Start of Exercise material
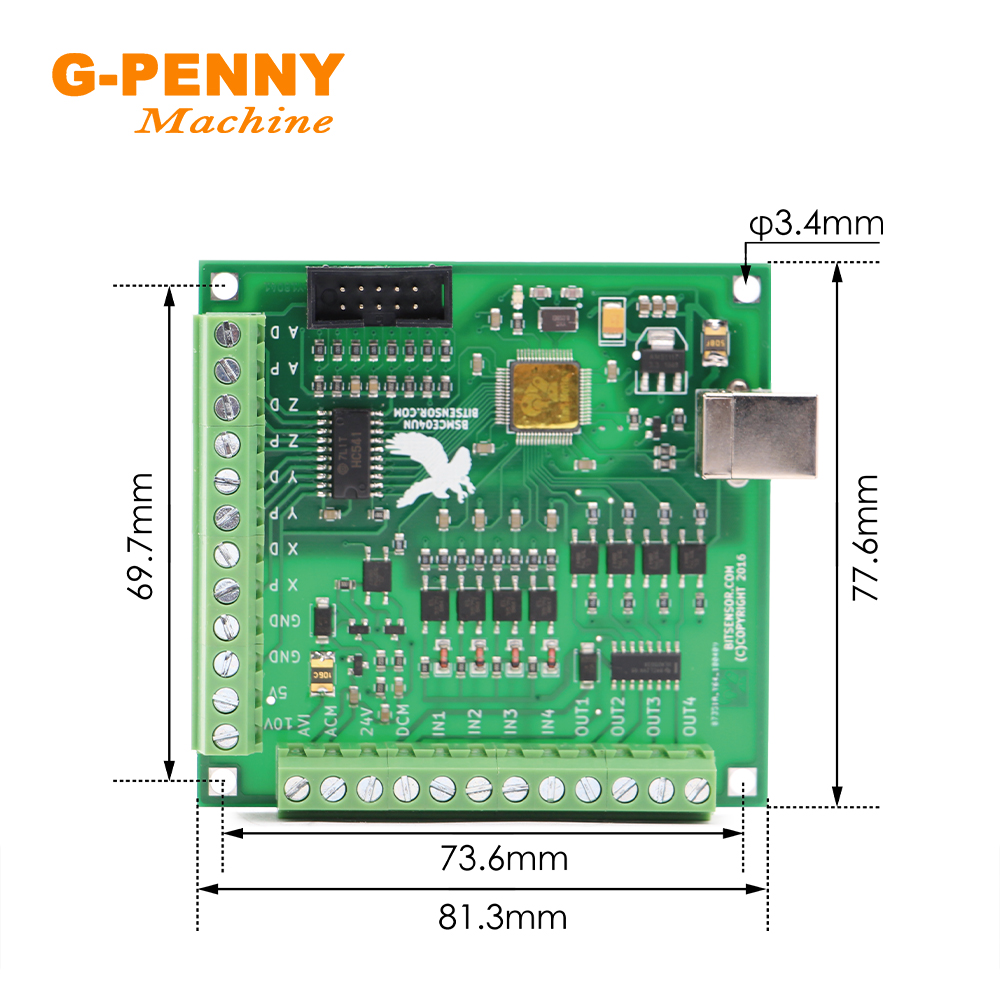 G-penny-new! モーションコントローラー用のUSB - Mach3 Usb Cnc Controller 4 Axis 100Khz のレビューと価格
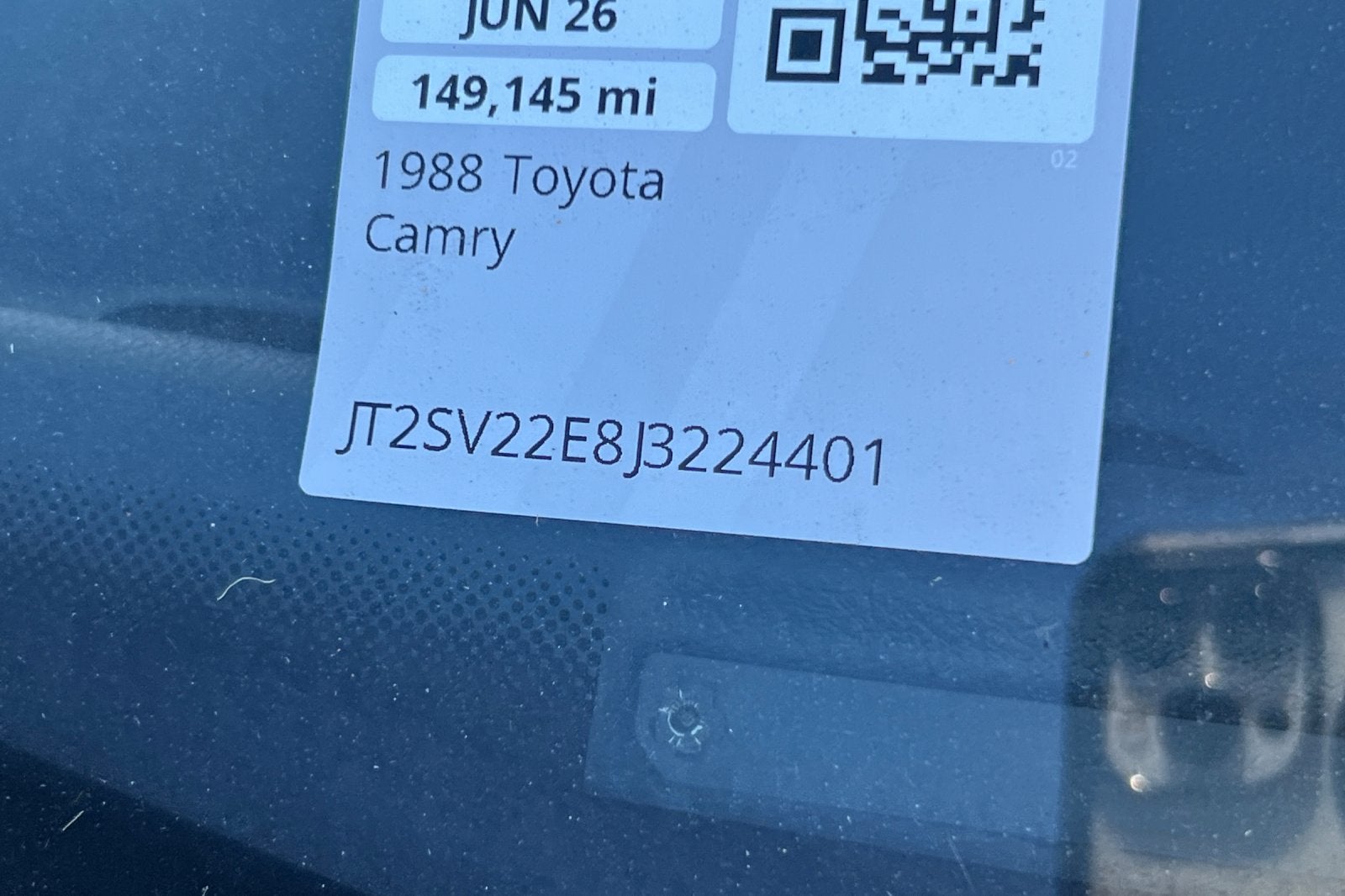 1988 Toyota Camry Base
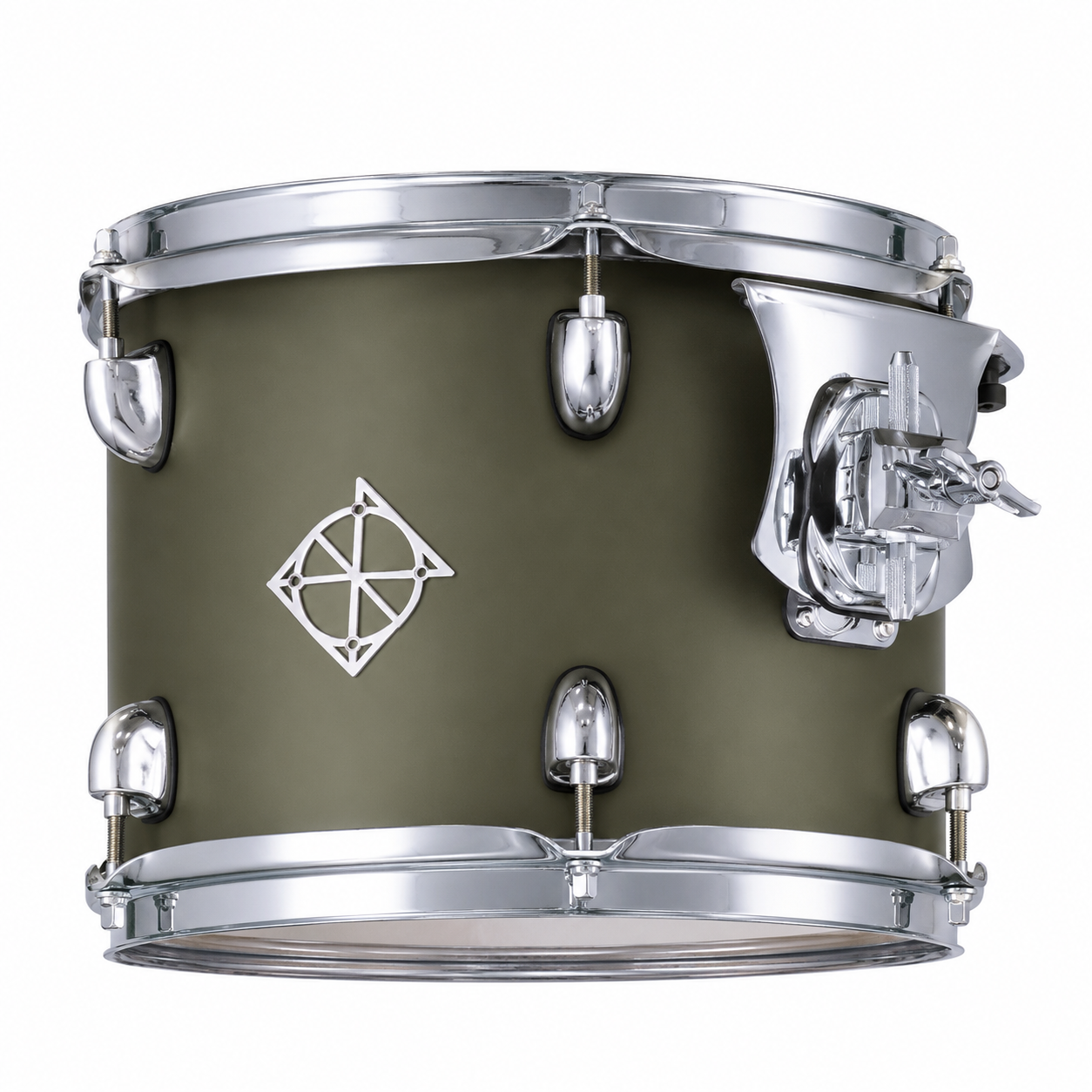 Dixon Cornerstone 8 x 8 MSP Tom Cement Gray (PDTCSTH0808-SCG) | Musician Madness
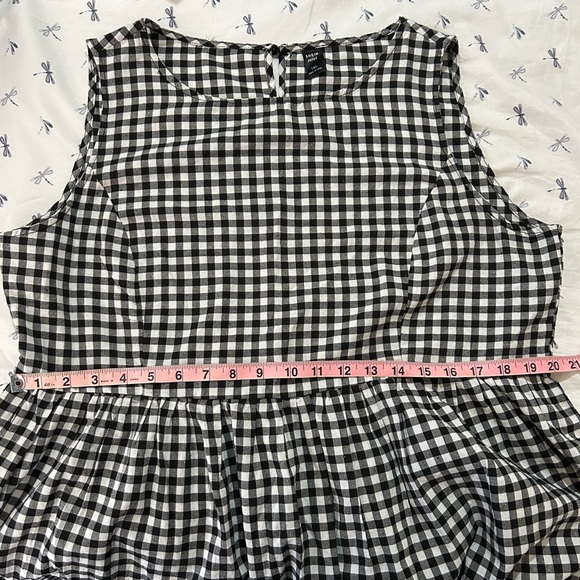 ☀️ Plaid Babydoll Dress - SHEIN - Size 1XL - Picture 7 of 7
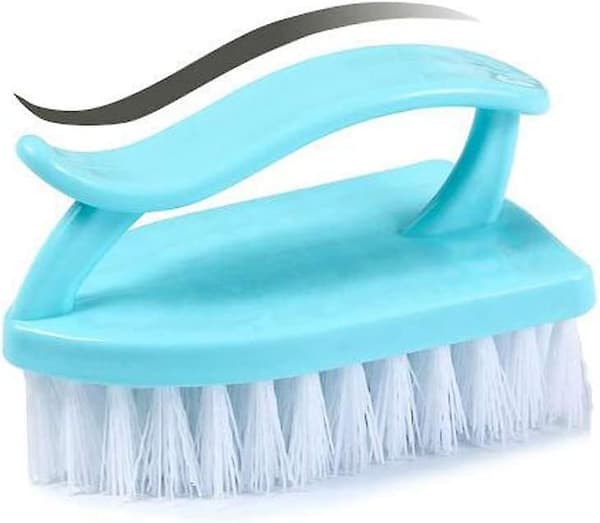 Scrub Brush Set, Handheld, Pointed, Traditional Iron Shape, Machine Washable, 4-pack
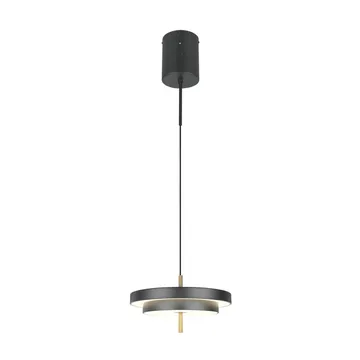 Pendel TRIO Keaton - 1 lampa 40 cm, Mattsvart/Mässing - Belysning - Lampor & belysning inomhus - Fönsterlampa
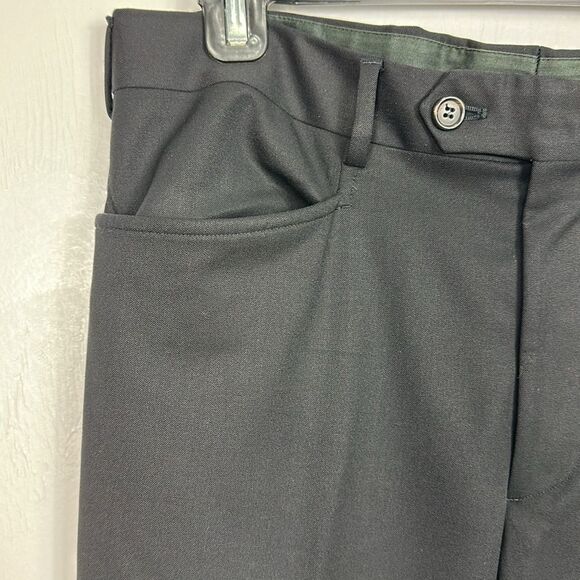 Prada Classic Virgin Wool Blend Slim Straight Black Trousers Size 38 - Picture 3 of 12
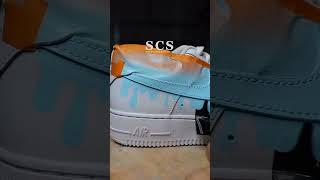 Drippy Swoosh Custom Air Force 1 Sneakers | INCREDIBLY SATISFYING 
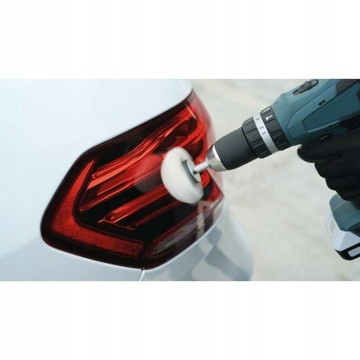 Хлопчатобумажные полировальные головки НАБОР из 6 шт. для дрели и отвертки HQ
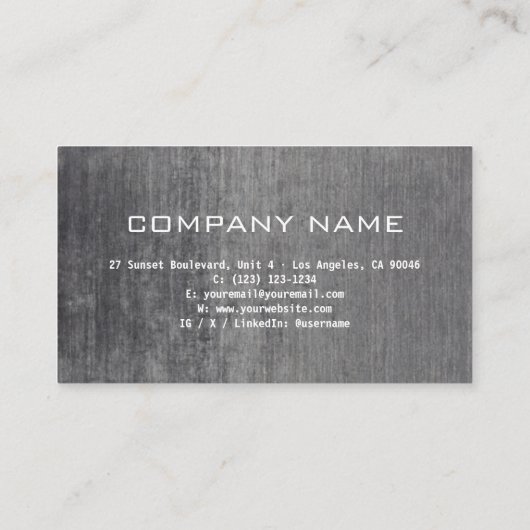 Carte De Visite Design professionnel gris blanc Code QR moderne (Dos)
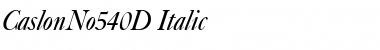Download CaslonNo540D Font Download CaslonNo540D Font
End of Exercise material
### Exercise
The complete listing must be transcribed verbatim, and all pictures are to be omitted.

### Finished task
 G-penny-new! モーションコントローラー用のUSB - Mach3 Usb Cnc Controller 4 Axis 100Khz のレビューと価格
 1988 Toyota Camry Base
 Dixon Cornerstone 8 x 8 MSP Tom Cement Gray (PDTCSTH0808-SCG) | Musician Madness
 ☀️ Plaid Babydoll Dress - SHEIN - Size 1XL - Picture 7 of 7
 Scrub Brush Set, Handheld, Pointed, Traditional Iron Shape, Machine Washable, 4-pack
 Pendel TRIO Keaton - 1 lampa 40 cm, Mattsvart/Mässing - Belysning - Lampor & belysning inomhus - Fönsterlampa
 Prada Classic Virgin Wool Blend Slim Straight Black Trousers Size 38 - Picture 3 of 12
 Drippy Swoosh Custom Air Force 1 Sneakers | INCREDIBLY SATISFYING 
 Хлопчатобумажные полировальные головки НАБОР из 6 шт. для дрели и отвертки HQ
 Carte De Visite Design professionnel gris blanc Code QR moderne (Dos)
Download CaslonNo540D Font Download CaslonNo540D Font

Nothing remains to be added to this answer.